Amsterdam Sauer has partnered with Legends Licensing for a new jewelry advertising campaign featuring the original How To Marry A Millionaire material girl, Marilyn Monroe. Stunning images of Monroe, taken by friend and business partner Milton H. Greene, are being used as part of an extensive ad campaign for the “Dreams Collection” by Amsterdam Sauer
Images of Marilyn being used for the campaign are from the Black Sitting and the Ballerina Sitting.
About Amsterdam Sauer:
Founded in 1941 by Jules Sauer, Amsterdam Sauer has been a direct source for Gems and Jewelry for over three generations. Winner of the prestigious De Beers Design Award in 1966, 1992 and the De Beers Millennium Award (2000), Amsterdam Sauer has carved a niche in the jewelry industry as the hallmark of design and achievement. Imagine, purchasing from a unique collection at the best possible duty free prices.
With over 47 stores worldwide, Amsterdam Sauer is internationally recognized for its vertical integration into the market.
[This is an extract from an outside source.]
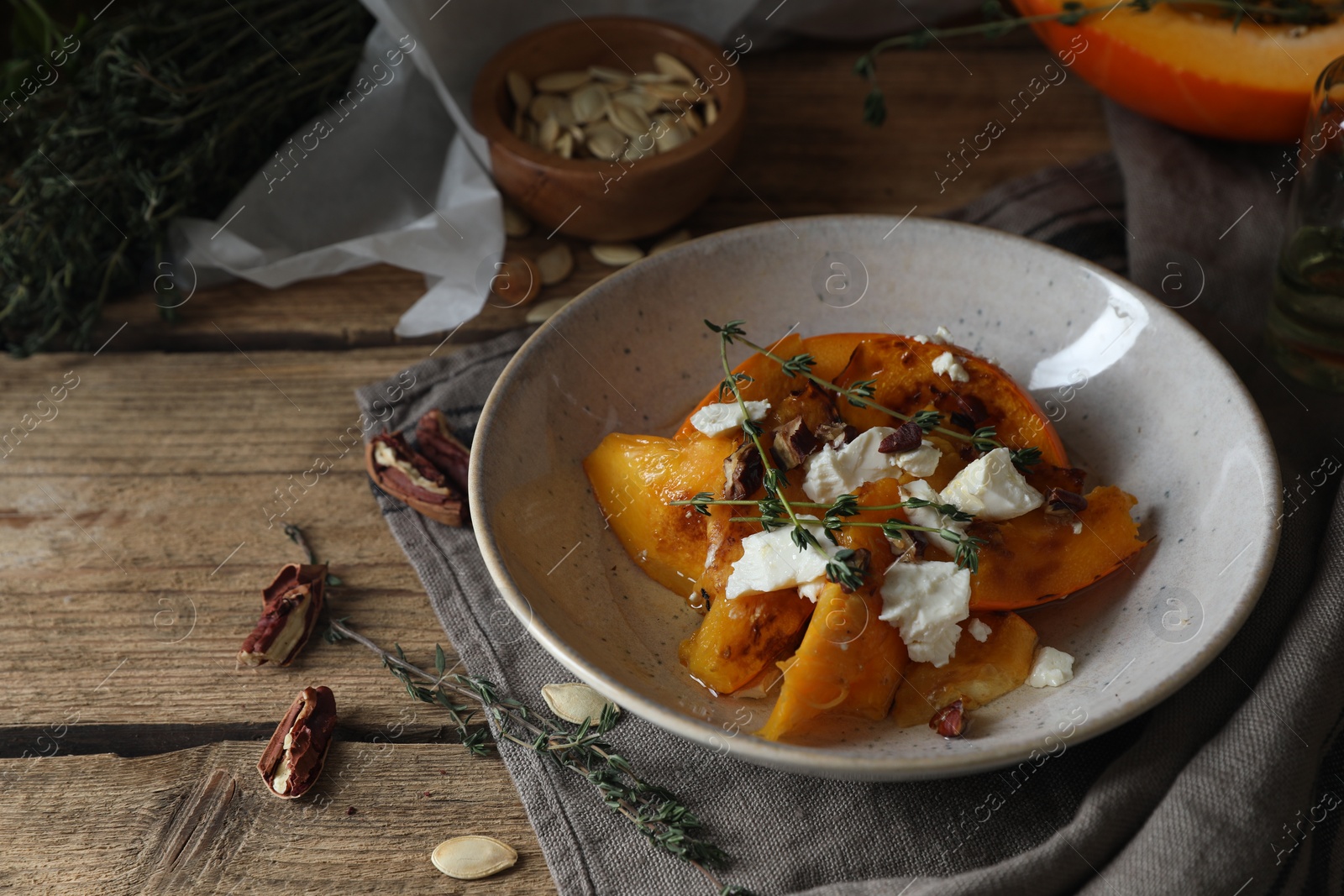 Photo of Baked pumpkin slices served with cheese, thyme and pecans on wooden table, space for text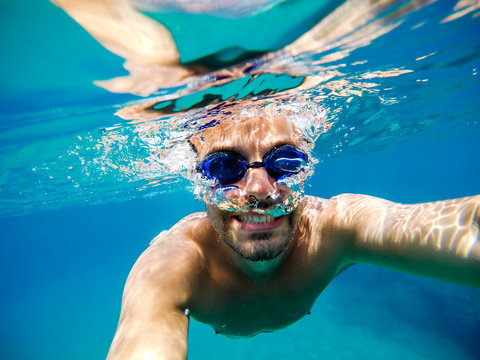 Charming young man is taking a selfie and smile underwater.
Starting with the mining process to the cutting and faceting of gemstones, to the design and creating of truly fine works of jewelry art, set in 18k gold.
The Archives has provided the content for many magazines and licensed products from companies like Bradford Exchange, Franklin Mint, Capitol Records, EMI, RCA Records, Graphique de France, Vanity Fair, Vogue, Time, Life, People, A&E, Newsweek, Neiman Marcus and much, much more…
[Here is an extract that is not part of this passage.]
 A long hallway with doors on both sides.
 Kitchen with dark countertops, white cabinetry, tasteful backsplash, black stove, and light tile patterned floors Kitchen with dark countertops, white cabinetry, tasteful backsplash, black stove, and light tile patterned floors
The Archives was founded in the search to restore a legacy. Milton H. Greene died in 1985 believing that 80% of his 300,000 image collection was lost forever to deterioration. His son, Joshua Greene, spent the next ten years searching for a way to restore his fathers photography.
After many attempts with traditional restoration practices, Joshua Greene was introduced to the miracle of Digital Restoration. In 1994 Joshua Greene founded The Archives.
The Archives has digitally restored hundreds of Milton’s original images to date, and is actively involved in restoring, archiving and representing other historical collections both public and private.